Classification Task: Win Rate Comparison
We also analyzed the models' performance on classification tasks like dish names, ingredients, and cooking methods.
Model | Training Data Size | Dish Name (Win Rate) | Ingredients (Win Rate) | Cooking Method (Win Rate) |
---|---|---|---|---|
Qwen-VL-MAX | 100 | 50.5% | 50.2% | 50.3% |
1,000 | 51.5% | 51.3% | 51.2% | |
10,000 | 55.4% | 57.2% | 56.1% | |
50,000 | 57.9% | 60.2% | 58.7% | |
GPT-4o | 100 | 50.2% | 50.1% | 50.3% |
1,000 | 50.5% | 50.4% | 50.6% | |
10,000 | 50.8% | 50.8% | 50.6% | |
50,000 | 51.1% | 51.4% | 51.2% |
Key Findings:
- The classification results align with our regression findings. The performance gains were minimal with 100 and 1,000 samples but accelerated significantly once the data size crossed the 10,000-sample mark. This further validates the "data threshold effect": a model's true potential can only be unlocked when it's exposed to a sufficiently large amount of high-quality data.
- These results demonstrate that the true value of MM-Food-100K lies in its scale.
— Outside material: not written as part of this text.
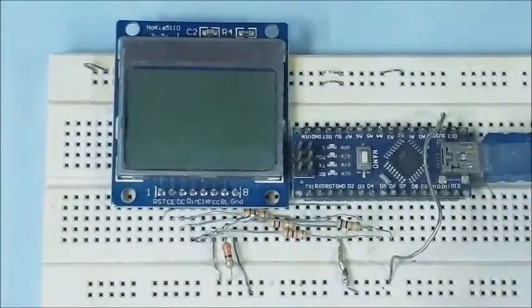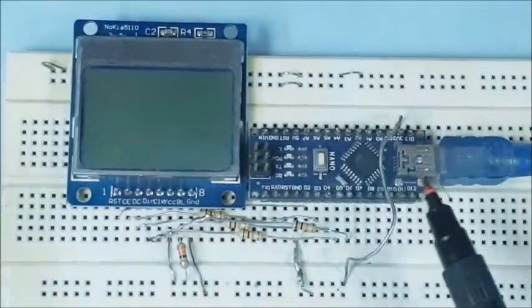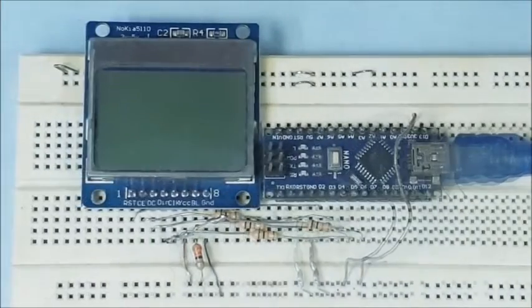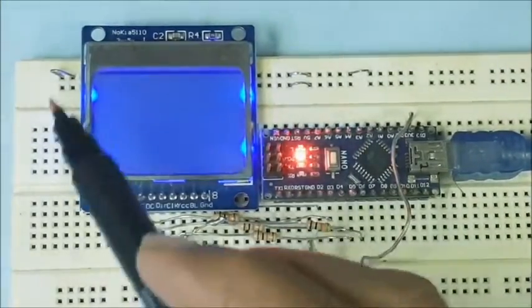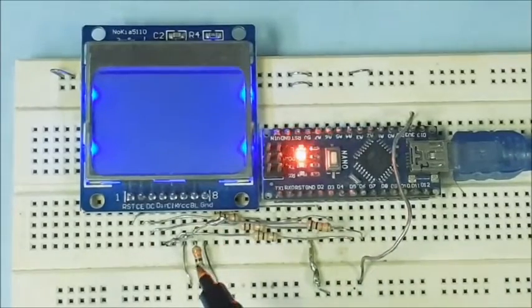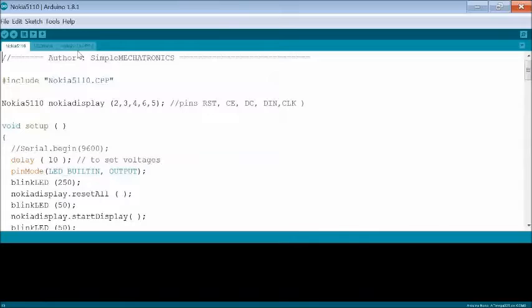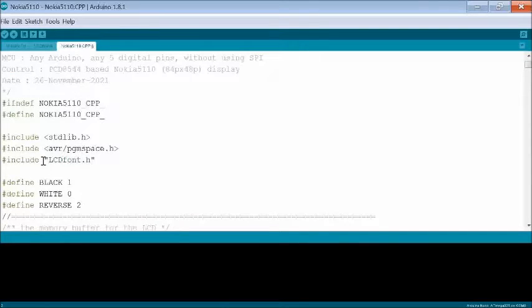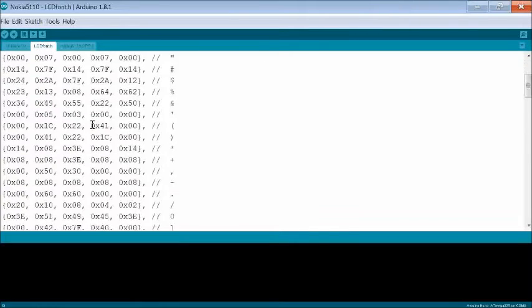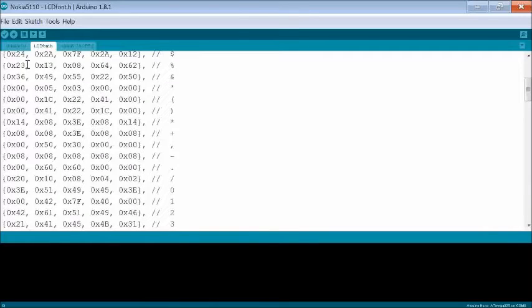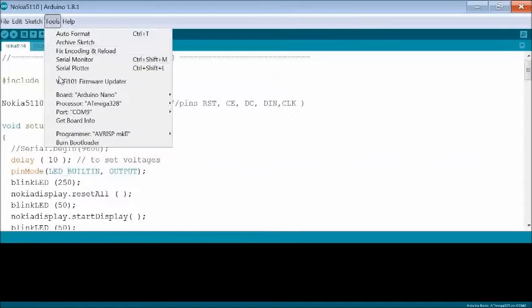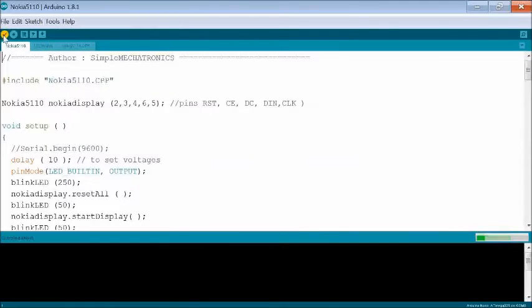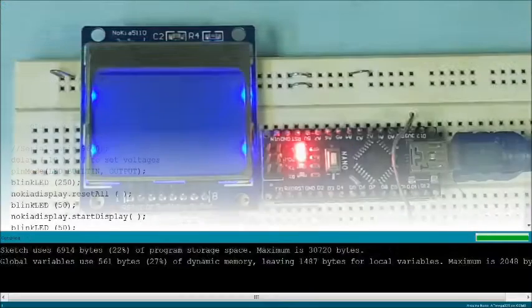Now the Arduino Nano is to be programmed through its micro USB port. When the USB cable is connected to your desktop or laptop, the 4 background LEDs glow, as seen here. Open Arduino IDE and load the Nokia5110.ino sketch. The sketch uses Nokia5110.cpp which has the code required to control the Nokia 5110 display. The text fonts are defined separately in lcdfont.h file. Check the port connection in the tools menu, then compile and upload the sketch to Arduino Nano.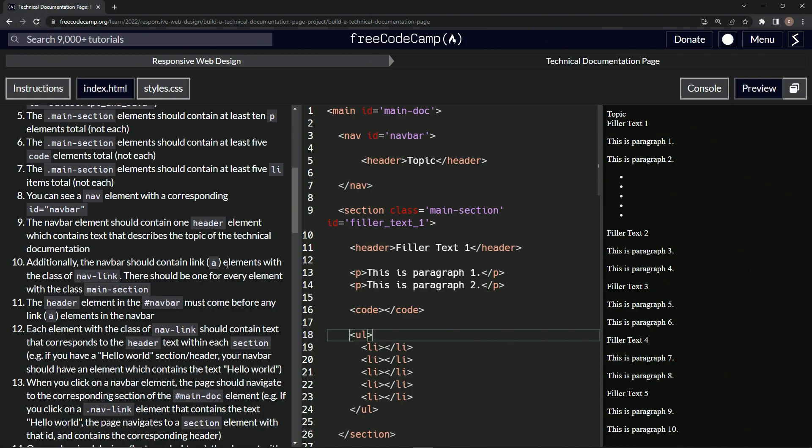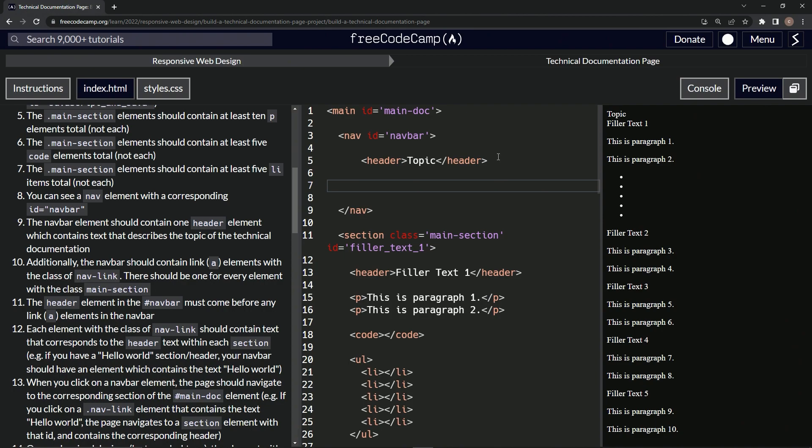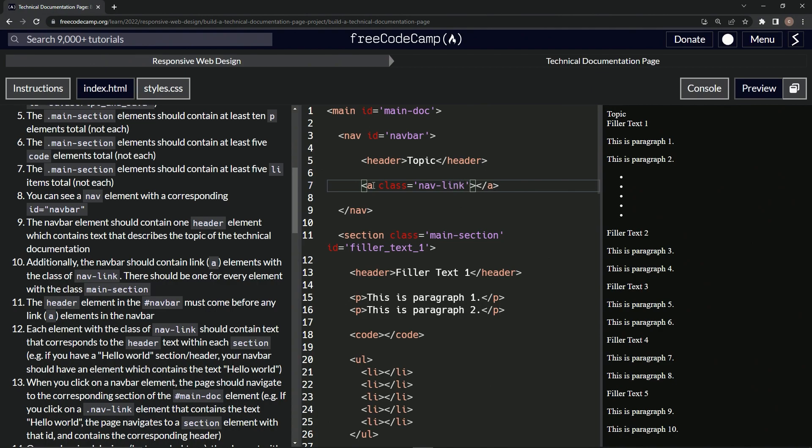Okay, so we're going to do five anchor tags inside of here right after the header. So we'll come here and we'll say A, close A. All right. And then in here, we'll do class equals nav-link.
It not only provides high-quality annotations but, more importantly, offers a sufficient number of samples to unlock a model's full potential, enabling a significant performance breakthrough on domain-specific tasks.
Conclusion: Dataset Scale Determines True Value
Through this experimental iteration, we not only re-validated the value of the MM-Food-100K dataset but, more importantly, proved that its scale is its most crucial asset. A small amount of data may have a limited impact on a large model, but once the data volume reaches a certain level, the gains become non-linear, allowing the model to achieve a significant performance leap in a specific domain.
Although our public dataset contains 100,000 samples, we could only evaluate the effects up to 50,000 samples due to the current fine-tuning service limitations of large models. This raises a question for us: What would the performance ceiling be if we could fine-tune with 100,000, 500,000, or even more high-quality data points? We are confident that once these technical limitations are overcome, the true potential of large-scale datasets like MM-Food-100K will be fully unleashed.
We hope this post inspires more members of the community to explore this area. We look forward to seeing more research on the impact of large-scale data on model performance as we collectively explore the endless possibilities that data offers for AI development.